Composing these maps gives you the desired T-algebra structure on [A,V].

An observation is: one could replace left Kan extension with any contravariant aggregation operation. This is especially useful when decategorifying the above, in which case one might replace the colimits involved in a Kan extension with e.g. sums in V. See pull-tensor-push.

Warning: the following is a bit speculative.

The above should work for {\cal K}={\bf Cat}/O, where O is a category of interfaces, and T is the 2-monad associated to a double operad \cal W of wiring operations with colours O. Now a T-algebra is a theory of systems indexed by \cal W. Let V be some other algebra, usually it’s something involving sets indexed by colours.

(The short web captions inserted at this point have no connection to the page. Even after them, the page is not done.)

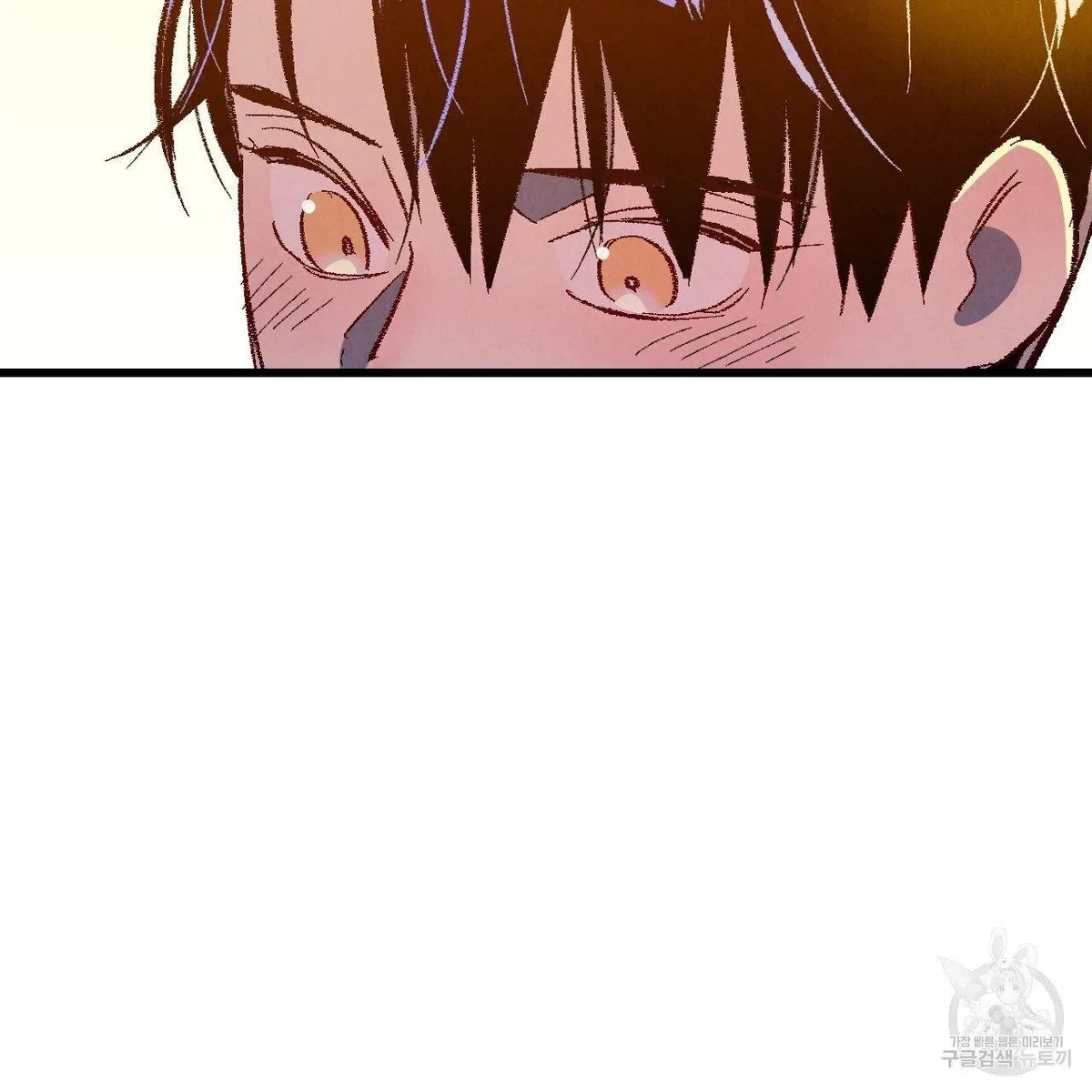 Chapter 65, page 6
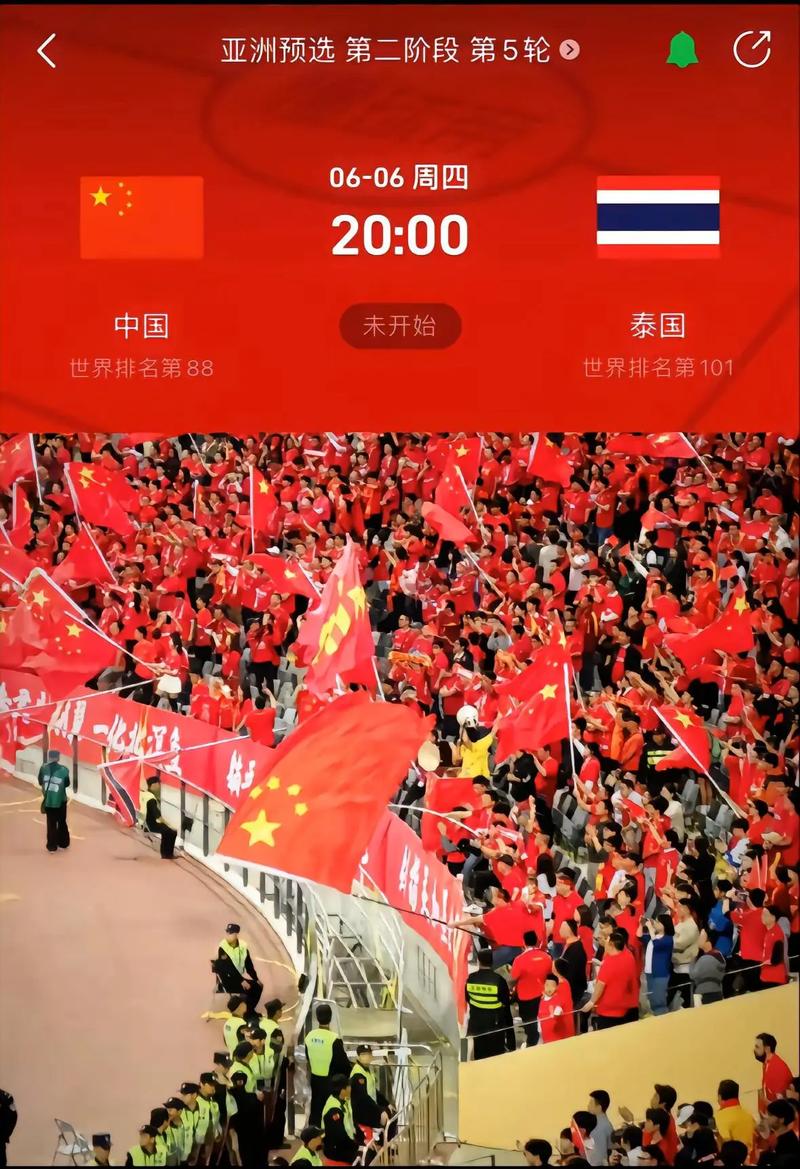 中国对泰国世界杯预选赛具体时间定了吗？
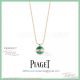 AAAA Replica Piaget Jewelry - Possession Red Carnelian Pendant Long Necklace (3)_th.jpg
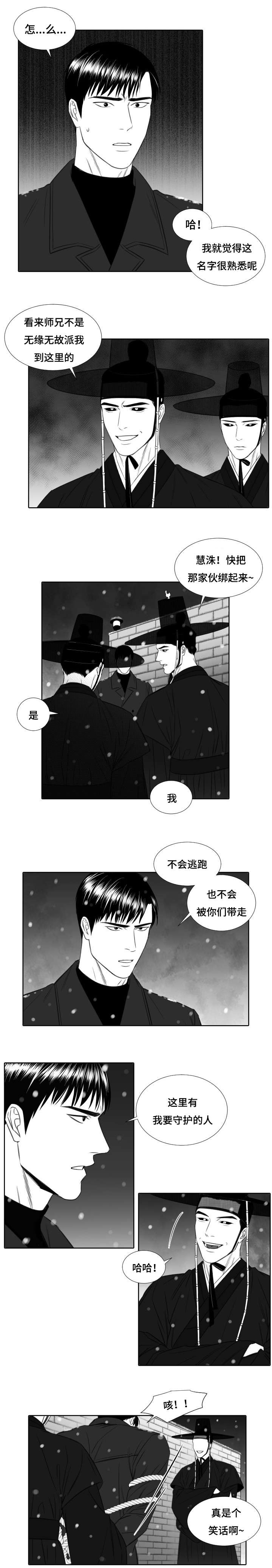 《阴阳主仆》漫画最新章节第27章：我死了免费下拉式在线观看章节第【4】张图片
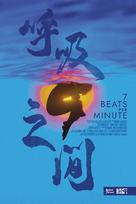 7 Beats Per Minute - Canadian Movie Poster (xs thumbnail)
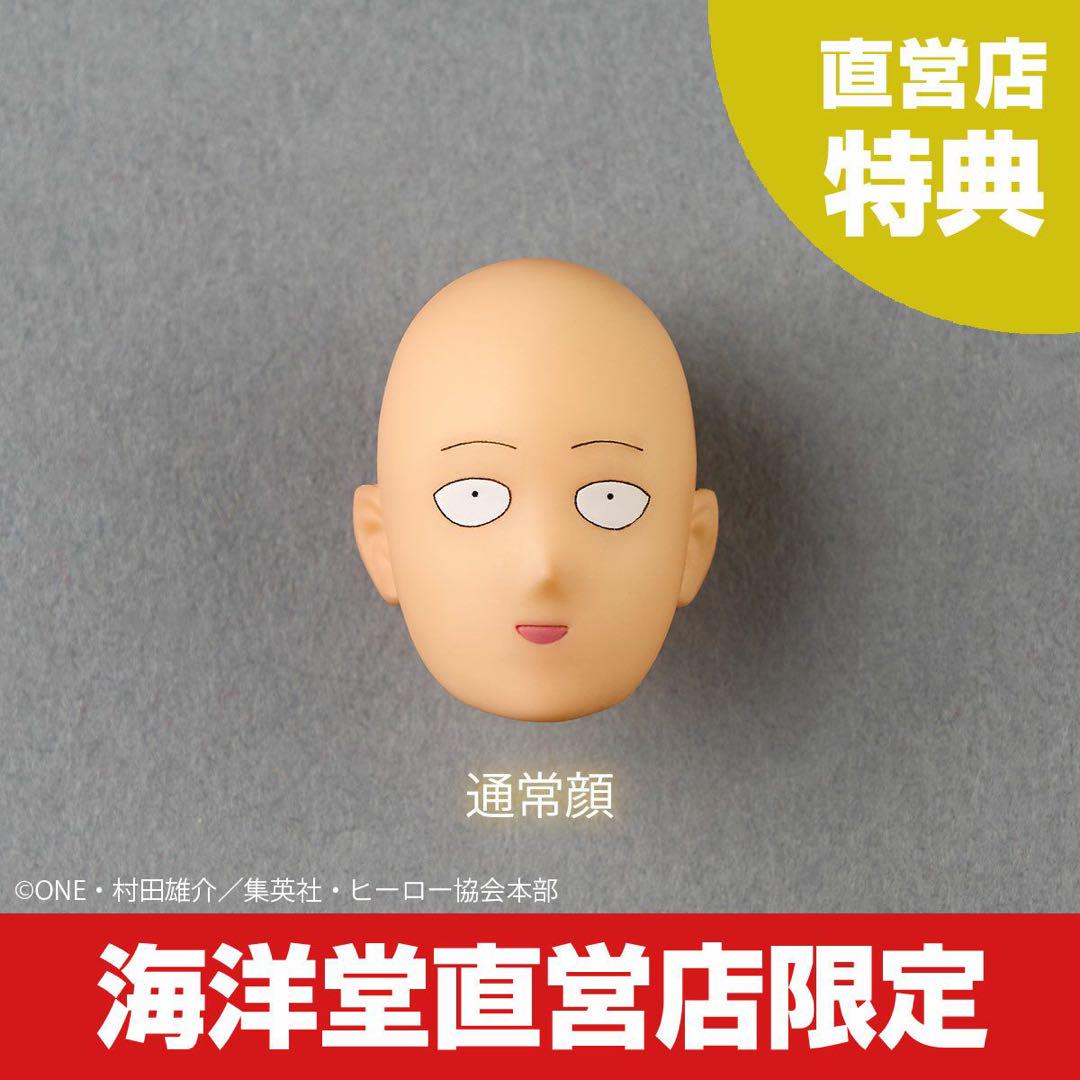 リボルテック アメイジング・ヤマグチ サイタマ 新品未開封 直営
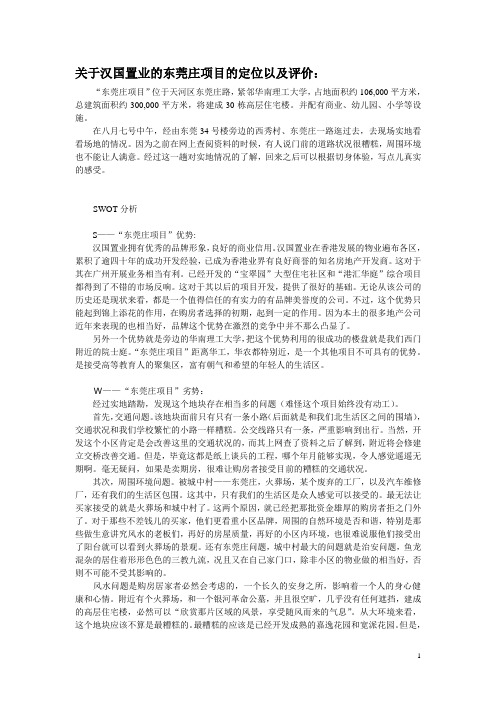 关于汉国置业的东莞庄项目的定位以及评价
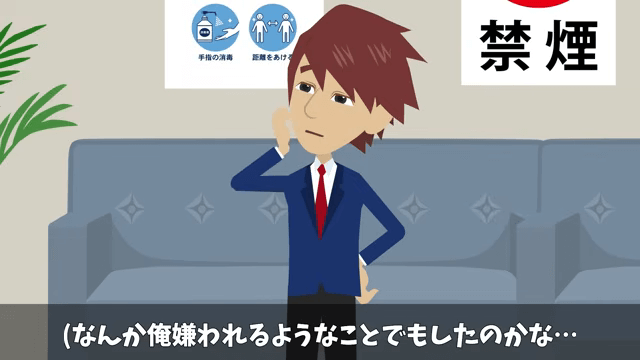 社長「どうして内定式に来ないの？」俺「昨日、内定取り消しになったけど？」⇒真実が明かされて絶句＃23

Then we can talk about \cal W-convolution of ‘quantities’ A \to V: given quantities (q_i:A(o_i) \to V(o_i))_{o_1, \ldots, o_n} and an operation w:o_1, \ldots, o_n \to o in \cal W, we can convolve the first along w to obtain w \ast (q_1, \ldots, q_n) : A(o)\to V(o).

Note that, crucially, we need \cal W to be double to be able to perform a Kan extension. In other words, we need to know how systems map into each other to know how to aggregate quantities on them.

I don’t know yet what I want to do with this operation but I suspect it might be useful to study compositionality of quantities defined over systems, chiefly behaviours.


Could we worry a little about whether this always makes [A,V] a T-algebra for T qua monad?

Uhm, can you elaborate? EDIT: you mean, does it respect the laws?


Yeah, that’s all I mean. I could just check for myself but, you know.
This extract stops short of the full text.